(Short descriptive text snippets)
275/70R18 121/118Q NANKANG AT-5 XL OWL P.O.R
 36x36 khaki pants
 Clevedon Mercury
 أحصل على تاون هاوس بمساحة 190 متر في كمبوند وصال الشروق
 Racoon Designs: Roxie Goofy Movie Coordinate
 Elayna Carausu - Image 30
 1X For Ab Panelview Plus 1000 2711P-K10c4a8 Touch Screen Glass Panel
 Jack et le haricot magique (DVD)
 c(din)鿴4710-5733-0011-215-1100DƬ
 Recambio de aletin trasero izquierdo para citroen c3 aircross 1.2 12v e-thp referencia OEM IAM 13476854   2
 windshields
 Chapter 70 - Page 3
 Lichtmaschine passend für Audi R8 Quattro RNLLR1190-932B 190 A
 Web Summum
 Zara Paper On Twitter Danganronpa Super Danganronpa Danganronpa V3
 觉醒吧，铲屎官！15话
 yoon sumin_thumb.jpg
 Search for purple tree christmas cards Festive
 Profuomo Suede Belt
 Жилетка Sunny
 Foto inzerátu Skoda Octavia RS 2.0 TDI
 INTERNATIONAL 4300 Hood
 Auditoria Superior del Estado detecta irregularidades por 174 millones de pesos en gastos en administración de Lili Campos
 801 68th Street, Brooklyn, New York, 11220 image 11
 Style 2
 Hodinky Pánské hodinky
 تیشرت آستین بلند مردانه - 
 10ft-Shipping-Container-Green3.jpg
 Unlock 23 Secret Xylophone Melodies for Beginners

§ How to complete this task: All the entries above should come back exactly as they are written.

§ Response to the exercise:
275/70R18 121/118Q NANKANG AT-5 XL OWL P.O.R
 36x36 khaki pants
 Clevedon Mercury
 أحصل على تاون هاوس بمساحة 190 متر في كمبوند وصال الشروق
 Racoon Designs: Roxie Goofy Movie Coordinate
 Elayna Carausu - Image 30
 1X For Ab Panelview Plus 1000 2711P-K10c4a8 Touch Screen Glass Panel
 Jack et le haricot magique (DVD)
 c(din)鿴4710-5733-0011-215-1100DƬ
 Recambio de aletin trasero izquierdo para citroen c3 aircross 1.2 12v e-thp referencia OEM IAM 13476854   2
 windshields
 Chapter 70 - Page 3
 Lichtmaschine passend für Audi R8 Quattro RNLLR1190-932B 190 A
 Web Summum
 Zara Paper On Twitter Danganronpa Super Danganronpa Danganronpa V3
 觉醒吧，铲屎官！15话
 yoon sumin_thumb.jpg
 Search for purple tree christmas cards Festive
 Profuomo Suede Belt
 Жилетка Sunny
 Foto inzerátu Skoda Octavia RS 2.0 TDI
 INTERNATIONAL 4300 Hood
 Auditoria Superior del Estado detecta irregularidades por 174 millones de pesos en gastos en administración de Lili Campos
 801 68th Street, Brooklyn, New York, 11220 image 11
 Style 2
 Hodinky Pánské hodinky
 تیشرت آستین بلند مردانه - 
 10ft-Shipping-Container-Green3.jpg
 Unlock 23 Secret Xylophone Melodies for Beginners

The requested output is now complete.